Those are very good questions, and ones that I have asked myself a hundred times.
For a long time, she was upset, because as she said to me several times, "I think I'm losing my mind". I first noticed that something was wrong, when she couldn't thread the loom without massive mistakes. Then she couldn't treadle anything but two treadles, because she lost her place every few seconds. That was so totally unlike her.
Then last year, she began to be very erratic in her driving, and she began scaring me.......she didn't at all take it seriously that she was losing her ability to drive. In fact, she laughed about it.
She also would take off after dark, to "go get ice cream, or go to the grocery store", and come back with nothing.

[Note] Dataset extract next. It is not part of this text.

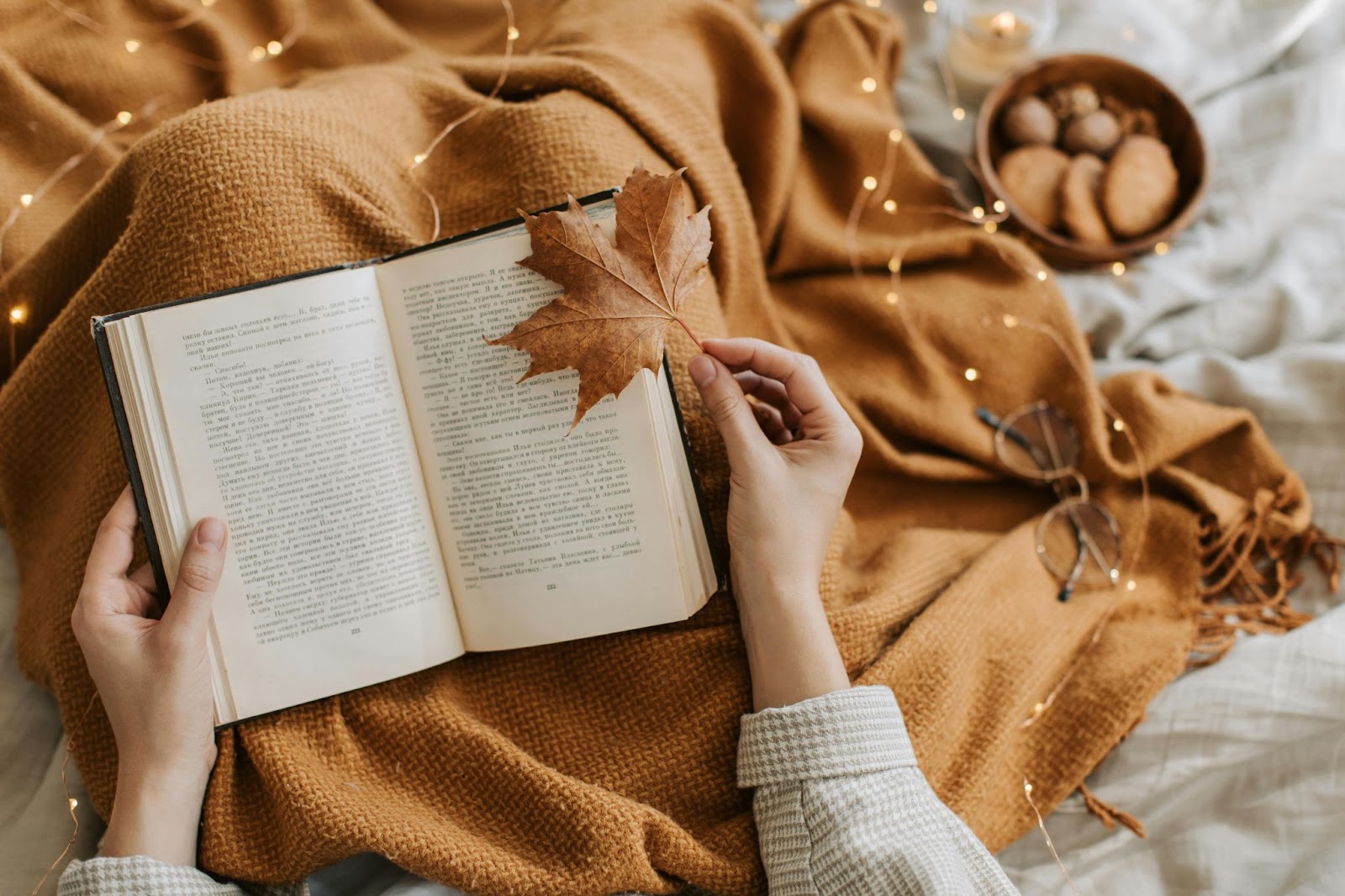 Stylish Book DP with a maple leaf and fairy lights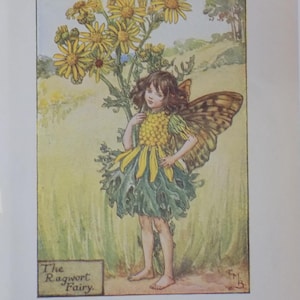 FREE SHIPPING!!!! Flower Fairies, Greater Ragwort Fairy, Cicely Mary Barker, Vintage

Her partner tried to intervene, but at that point she was oppositional to everything anyone tried to tell her.
Then she began telling me that she needed to 'be somewhere else, live somewhere else'......
I believe that she knew by then that she needed supervision, that she needed to be "managed".
That's when her sister and I got her into assisted living. Lois was all for it, but after two nights there she walked out (in February) with no coat and ended up quite a long ways away at a liquor store that was just closing at 11:30 at night.
She didn't know why she was there, and was so confused that the owner called the sheriff, who took her to the ER.....luckily she had the. Alzheimer's bracelet on, and they called her sister.
The next morning we took her back, and she went to Memory Care in another part of the facility that day.
It's a closed unit, and she actually only grumbled a little about it.
Her sister takes her out several times a week for a couple hours at a time. She brings her here to visit, and that is so much nicer than visiting her there.
She knows me, I think, by sight, but already I doubt that she knows my name all the time. Another of our friends, that she saw several times a week, is a stranger to her, and she does not know who she is.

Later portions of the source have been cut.